Coincidentally, both Galileo and Milton became blind during their lives. So it was meaningful to me to imagine each of them looking through the same telescope at the stars and heavens.


The invention of the lens is an important piece of this history.


The lens was a treasured object that people were secretive about during the Renaissance — secretive because many artists had figured out how to make amazingly realistic paintings using the lens. (See David Hockney’s book:  Secret Knowledge (New and Expanded Edition): Rediscovering the Lost Techniques of the Old Masters, October 5, 2006). They didn’t want their patrons to know that they had a technical tool for portraiture.


From my reading of Hockney’s book, I believe there’s an interesting connection between Galileo and Caravaggio. They both used lenses (most likely) and they both could claim the patronage of members of the Del Monte family. In my imagination, General Del Monte is the person who supplied lenses to both of them. How else could Galileo have produced a superior spyglass in 1609 with only two weeks in his workshop?
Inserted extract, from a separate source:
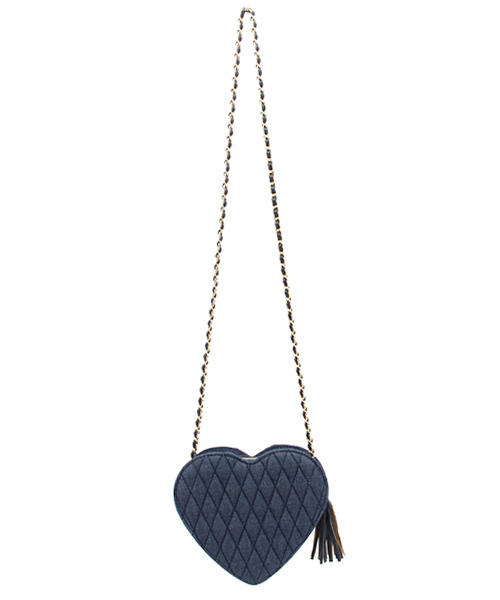 ROSE BUD（ローズバッド）の「【カタログ掲載】(LL ACCESSORIES)B1890 BAG（クラッチバッグ・レディース・ブラック/ブルー・ONE SIZE）」の2枚目の写真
The lenses were probably handed to him by someone.


https://smile.amazon.com/Secret-Knowledge-New-Expanded-Rediscovering/dp/0142005126/ref=sr_1_8


About my fascination with all things astronomical:


[DP’s song]

I think about the stars up in the sky.

I think about the way they mystify.

They open my heart to infinity

and the infinitesimal - that's me.


When morning comes the stars all go bye bye.

They rest themselves until another night.

Astronomers wake up while we're in bed,

when stars are cast like diamonds overhead.


Nova, eclipse, black hole, spinning pairs,

planets wandering up-and-down the stairs,

the moon illuminated by the sun;

Earth -- which is the home of everyone.


I don't believe that Earth is flat or square,

(or that) giant pillars hold it in the air,

(or) above there is a crystal dome with doors

that open to let rain in when it pours.


I dream about the sky at the gym

(because) I pretend I'm flying when I swim,

for long ago on a summer afternoon

I once took a trip up to the moon.

(On July 20th 1969, Apollo 11 launched to space. I was 14 years old.)